Looking at some of the different TKI options in the paradigm, bosutinib (Bosilif) is the latest to come on the market. How does this drug measure up with other available options?

Bosutinib is a TKI that works very similarly to that of imatinib [Gleevec], dasatinib, and erlotinib [Tarceva], [although it has] a different AE profile. Bosutinib was the last to come on the market, at first in the relapsed/refractory setting, and then in the frontline setting. [The agent] is taken once daily with food [and is] well tolerated, overall. The main AEs [experienced with] bosutinib [include] liver function abnormalities, skin rash, and diarrhea. The diarrhea may be quite intense up front but slowly resolves after.

[The agent can be administered in] 2 ways. You [could] start with the full dose, which, for the frontline setting, is 400 mg. Then, you would tell the patient that for the first week or 2, the diarrhea may be significant but it [will get] better. The alternative is to slowly escalate the dose from 100 mg to 200 mg, 300 mg, and 400 mg, until you get to the full dose. That way, [you are] preventing the patient from experiencing significant diarrhea and being discouraged from continuing the drug.

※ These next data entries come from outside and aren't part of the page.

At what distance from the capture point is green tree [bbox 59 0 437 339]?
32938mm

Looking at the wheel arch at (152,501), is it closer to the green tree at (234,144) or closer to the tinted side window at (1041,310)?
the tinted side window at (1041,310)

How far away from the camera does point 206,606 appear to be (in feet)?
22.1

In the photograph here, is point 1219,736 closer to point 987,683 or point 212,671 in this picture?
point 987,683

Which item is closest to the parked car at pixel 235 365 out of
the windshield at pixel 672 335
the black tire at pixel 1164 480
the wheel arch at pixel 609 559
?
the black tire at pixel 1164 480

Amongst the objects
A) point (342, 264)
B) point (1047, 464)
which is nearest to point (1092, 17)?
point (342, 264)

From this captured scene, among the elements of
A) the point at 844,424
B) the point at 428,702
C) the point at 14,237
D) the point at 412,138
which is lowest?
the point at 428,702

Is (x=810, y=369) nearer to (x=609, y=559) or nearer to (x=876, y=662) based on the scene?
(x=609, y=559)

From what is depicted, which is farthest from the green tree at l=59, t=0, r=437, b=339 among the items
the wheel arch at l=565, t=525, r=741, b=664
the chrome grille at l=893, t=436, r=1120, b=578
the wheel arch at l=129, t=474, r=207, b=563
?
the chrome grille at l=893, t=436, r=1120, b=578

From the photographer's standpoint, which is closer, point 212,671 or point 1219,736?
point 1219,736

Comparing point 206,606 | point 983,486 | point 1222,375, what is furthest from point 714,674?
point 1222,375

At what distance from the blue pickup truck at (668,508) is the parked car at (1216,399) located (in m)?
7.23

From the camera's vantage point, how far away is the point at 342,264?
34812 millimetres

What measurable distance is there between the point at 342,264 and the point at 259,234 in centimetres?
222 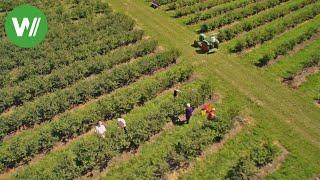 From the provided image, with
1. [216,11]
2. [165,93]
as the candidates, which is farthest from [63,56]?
[216,11]

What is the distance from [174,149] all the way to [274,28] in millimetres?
22786

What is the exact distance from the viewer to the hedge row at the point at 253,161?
29641 mm

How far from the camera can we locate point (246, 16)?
175 feet

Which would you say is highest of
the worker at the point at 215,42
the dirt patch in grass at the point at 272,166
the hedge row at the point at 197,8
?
the hedge row at the point at 197,8

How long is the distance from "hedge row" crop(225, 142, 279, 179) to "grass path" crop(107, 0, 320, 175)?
1.42 metres

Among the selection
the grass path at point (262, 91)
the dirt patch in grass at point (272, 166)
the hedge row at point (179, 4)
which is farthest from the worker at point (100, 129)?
the hedge row at point (179, 4)

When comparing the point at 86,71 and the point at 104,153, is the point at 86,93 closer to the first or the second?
the point at 86,71

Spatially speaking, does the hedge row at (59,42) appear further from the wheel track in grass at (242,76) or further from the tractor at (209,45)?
the tractor at (209,45)

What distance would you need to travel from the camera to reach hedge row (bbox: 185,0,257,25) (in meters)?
52.5

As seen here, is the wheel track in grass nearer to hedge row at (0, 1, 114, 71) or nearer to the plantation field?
the plantation field

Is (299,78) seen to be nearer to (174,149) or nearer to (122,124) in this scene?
(174,149)

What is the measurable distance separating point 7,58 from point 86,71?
949 centimetres

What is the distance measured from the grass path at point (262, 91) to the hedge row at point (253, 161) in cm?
142

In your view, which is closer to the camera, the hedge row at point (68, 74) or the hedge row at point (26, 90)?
the hedge row at point (26, 90) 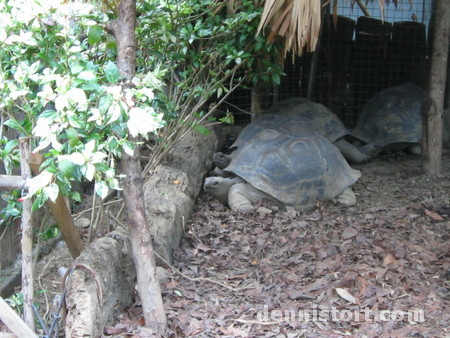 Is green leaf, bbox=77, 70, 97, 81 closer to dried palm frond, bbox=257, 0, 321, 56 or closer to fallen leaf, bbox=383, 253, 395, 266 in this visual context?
dried palm frond, bbox=257, 0, 321, 56

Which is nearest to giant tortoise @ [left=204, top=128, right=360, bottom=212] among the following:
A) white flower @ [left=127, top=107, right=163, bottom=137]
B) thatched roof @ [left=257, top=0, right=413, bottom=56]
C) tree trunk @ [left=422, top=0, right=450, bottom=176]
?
tree trunk @ [left=422, top=0, right=450, bottom=176]

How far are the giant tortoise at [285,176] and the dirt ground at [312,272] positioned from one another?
13cm

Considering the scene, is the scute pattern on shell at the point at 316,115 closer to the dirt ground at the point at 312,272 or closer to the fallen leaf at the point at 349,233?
the dirt ground at the point at 312,272

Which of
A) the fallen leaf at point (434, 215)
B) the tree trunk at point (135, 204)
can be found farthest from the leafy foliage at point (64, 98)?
the fallen leaf at point (434, 215)

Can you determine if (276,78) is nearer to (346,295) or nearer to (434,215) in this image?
(434,215)

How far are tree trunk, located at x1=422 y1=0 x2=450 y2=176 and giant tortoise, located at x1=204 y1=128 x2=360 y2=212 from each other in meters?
0.84

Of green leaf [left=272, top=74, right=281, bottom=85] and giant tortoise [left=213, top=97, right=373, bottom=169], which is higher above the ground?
green leaf [left=272, top=74, right=281, bottom=85]

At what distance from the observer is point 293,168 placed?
5152mm

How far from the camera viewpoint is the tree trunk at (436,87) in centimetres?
552

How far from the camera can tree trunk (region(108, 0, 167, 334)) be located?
2.80m

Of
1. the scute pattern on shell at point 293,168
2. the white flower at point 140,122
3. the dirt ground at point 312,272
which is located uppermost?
the white flower at point 140,122

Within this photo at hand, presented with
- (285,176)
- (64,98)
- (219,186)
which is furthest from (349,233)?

In terms of efficacy, compared with imatinib, [the data with bosutinib are comparable to what] we have seen with the other second-generation TKIs; there is no difference in OS, but patients do achieve faster and deeper remissions with a second-generation TKI compared with imatinib.

What has been your experience with patient adherence to this drug?

Overall, [patients can adhere] to bosutinib because it is a drug that is given once daily, and [despite toxicities like] diarrhea and liver function [abnormalities], it is well tolerated. We also know from multiple phase 3 trials of the TKIs compared with imatinib that, at the end of the day, about 65% of patients stay on the TKI they started with. [This can be] because of AEs or because of response. At the end of the day, [only] one-third of patients change the TKI they started with.